• DATA FOR THE TASK:
==============================

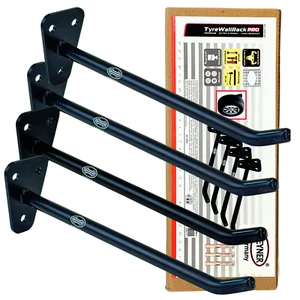 Perchas de pared para llantas de coche de alta resistencia para almacenamiento de garaje 30 cm 349010 - Imagen 1 de 9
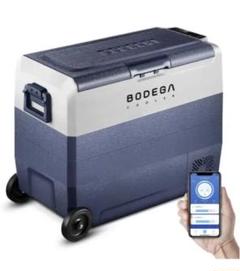 60L車載冷蔵庫 -20℃~20℃ 急速冷凍 ポータブル冷蔵 冷凍庫 静音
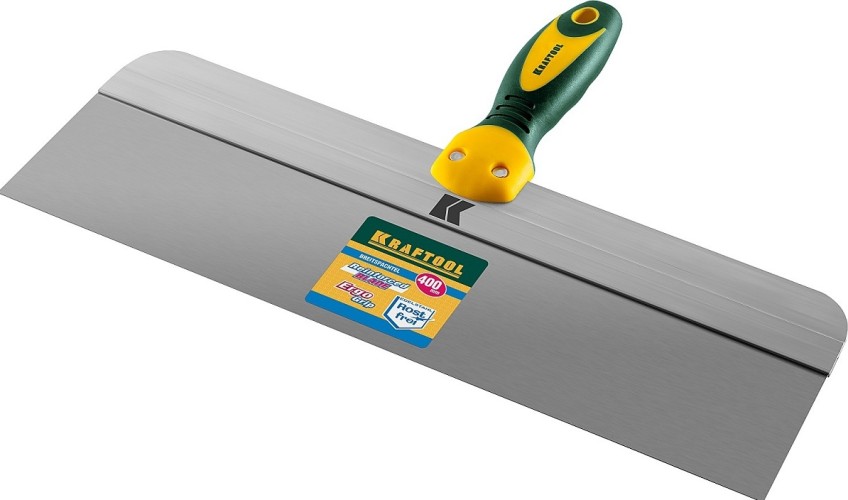 Шпатель фасадный с двухкомпонентной ручкой KRAFTOOL 10036-400 400 мм, полотно из нержавеющей стали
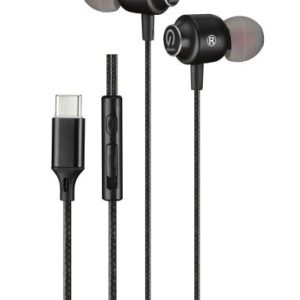 Shintaro USB-C Stereo Earphones with In-line Mic, Magnetic Ear Tips, Tangle-Free Cable, and Volume Control for USB-C Tablets, iPads, Laptops & Chrome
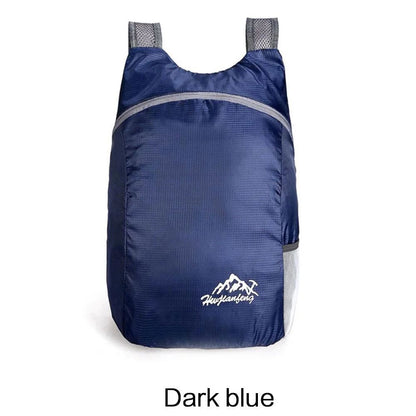 Mochila Esportiva Dobrável Impermeável Ultrafina Portátil Leve para Viagem, Adequada para Camping, Corrida, Fitness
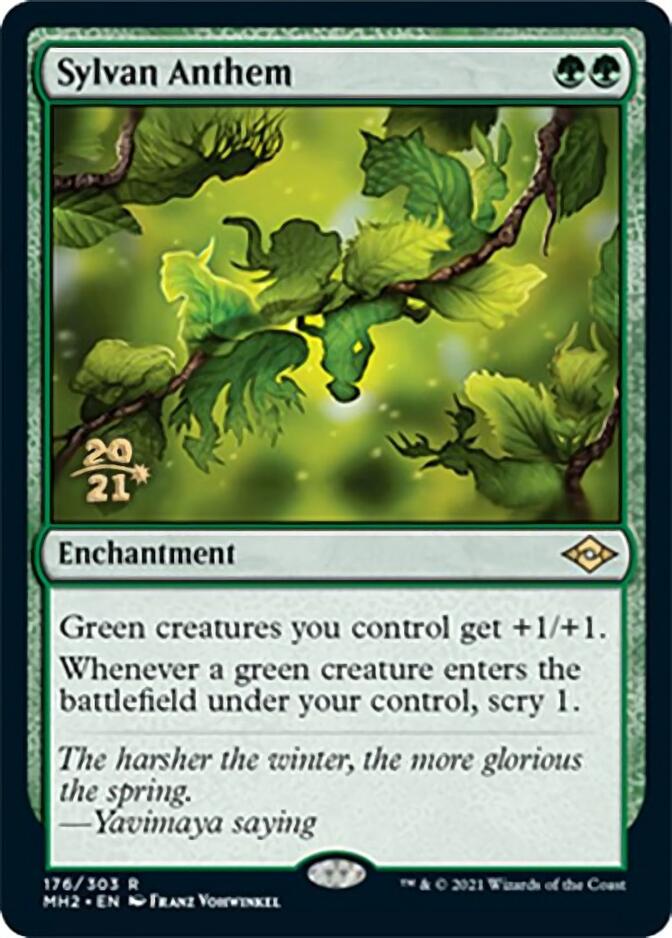 Sylvan Anthem [Modern Horizons 2 Prerelease Promos] | L.A. Mood Comics and Games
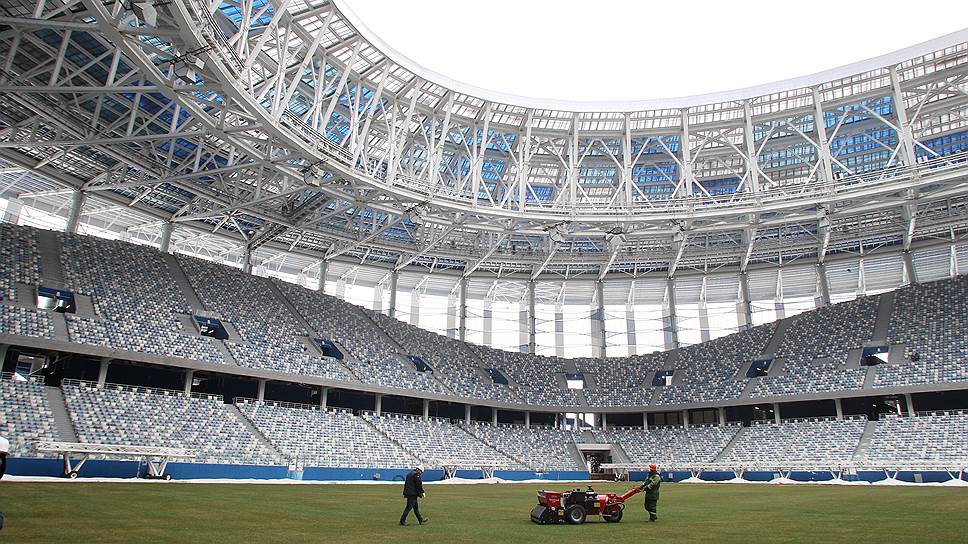 Сейчас стадион, построенный к чемпионату мира по футболу, является самым крупным объектом на Стрелке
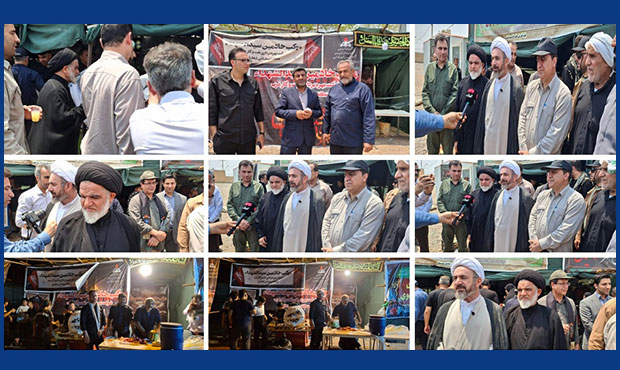 بازدید امامجمعه و استاندار ایلام از موکب شرکت نفتوگاز غرب بازدید امامجمعه و استاندار ایلام از موکب شرکت نفتوگاز غرب
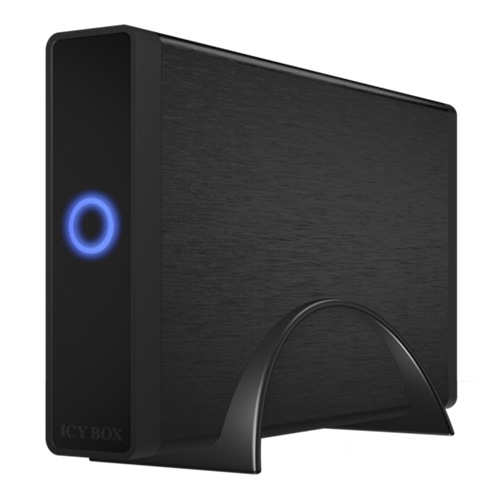 Ohišje za disk Icy Box IB-377-C31, 3,5", črna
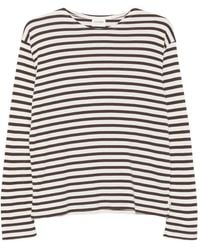 Closed - Striped Cotton Blend T-Shirt - Lyst
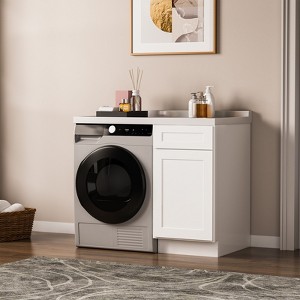 Kitchen Base Cabinet, Unassembled Cabinet with Adjustable Shelf without Top - 1 of 4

==============================

• WHAT IS REQUIRED:
Using the data above, print only the lines starting at the one with "Mochila Esportiva Dobrável" and ending at the one with "بازدید امامجمعه و استاندار ایلام از موکب شرکت نفتوگاز غرب بازدید", exactly as they stand, minus the pictures.

• SOLUTION:
 Mochila Esportiva Dobrável Impermeável Ultrafina Portátil Leve para Viagem, Adequada para Camping, Corrida, Fitness
 Sylvan Anthem [Modern Horizons 2 Prerelease Promos] | L.A. Mood Comics and Games
 Сейчас стадион, построенный к чемпионату мира по футболу, является самым крупным объектом на Стрелке
 بازدید امامجمعه و استاندار ایلام از موکب شرکت نفتوگاز غرب بازدید امامجمعه و استاندار ایلام از موکب شرکت نفتوگاز غرب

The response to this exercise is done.